Join GitHub today
GitHub is home to over 31 million developers working together to host and review code, manage projects, and build software together.Sign up
ZFS High-Availability NAS
The ZFS filesystem has been a game-changer in the way we approach local application data storage, shared storage solutions, replication and general data backup.
I've been a long-time proponent of ZFS storage in a variety of scenarios, going back to my first experiences with OpenSolaris in 2008, buying my own ZFS Thumper/Thor in 2009, adopting ZFS on Linux for production use in 2012, and through continued contributions to the StackExchange/ServerFault communities.

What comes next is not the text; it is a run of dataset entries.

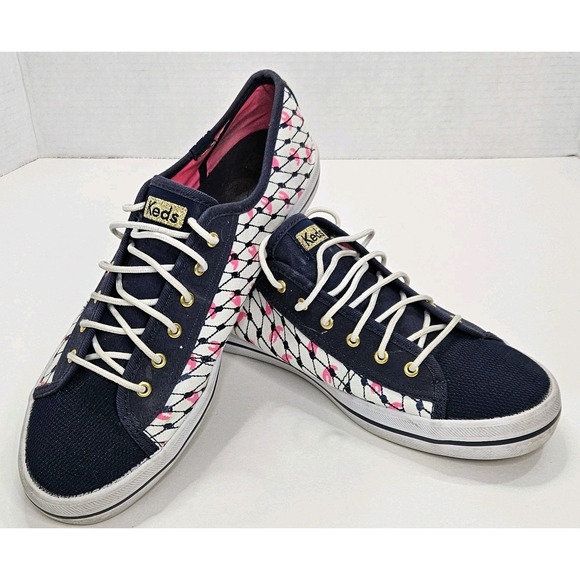 Keds Shoes - Keds collab Alania Marie Sneakers Lobster Print Canvas Lace Up Casual Shoes 9.5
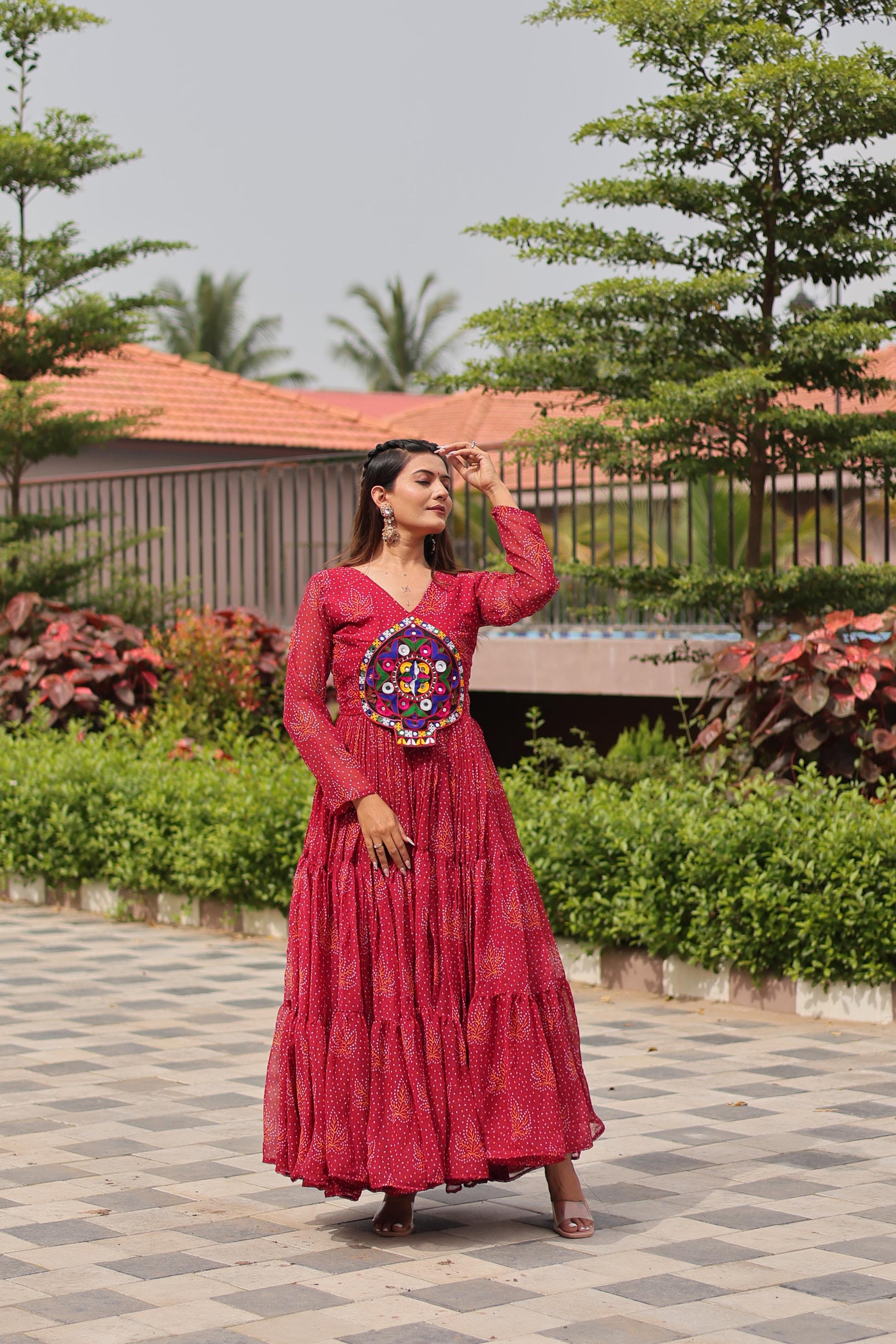 "New garba style gawn | Krushi Life style"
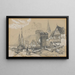 Oberwesel - Edward Theodore Compton — gerahmtes Bild an der Wand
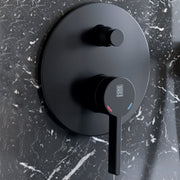 Miscelatore monocomando da incasso per doccia con deviatore RubiFlux serie Tundra - Nickel by CeramicStore | Lo specialista del tuo bagno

- More intelligent storage for application servers and a serious replacement for LVM.
- Great shared storage options to back virtualization environments.
- Useful for large-scale backup targets.
- Atomic snapshots.
- Flexible replication.
- Transparent filesystem compression.
- Good ZFS implementations sometimes require specialized knowledge and adherence to best practices.
- It's easy to make irreversible mistakes. (often due to poor design or inappropriate hardware choices).
- There's a lot of contradictory ZFS information online due to the filesystem's appeal to "home lab" users.
- Options for high availability are costly, tightly associated with commercial storage solutions and may not work well.
Expanding on the final point, the traditional method of achieving high availability on a ZFS storage array means paying for licensing of a commercial product suite. The most common options in the marketplace are NexentaStor, QuantaStor, RSF-1 and Zetavault.
These products are proven to work and have existing user bases, but some have particularly unattractive licensing schemes. Notably, NexentaStor and QuantaStor have capacity-based licensing models that don't work well for my use case. The high-availability licensing add-ons to both solutions are expensive, yet still place the onus of the hardware build, validation, deployment and ongoing support on the customer. Zetavault has made positive strides in providing an interesting shared-nothing architecture that may work for some situations.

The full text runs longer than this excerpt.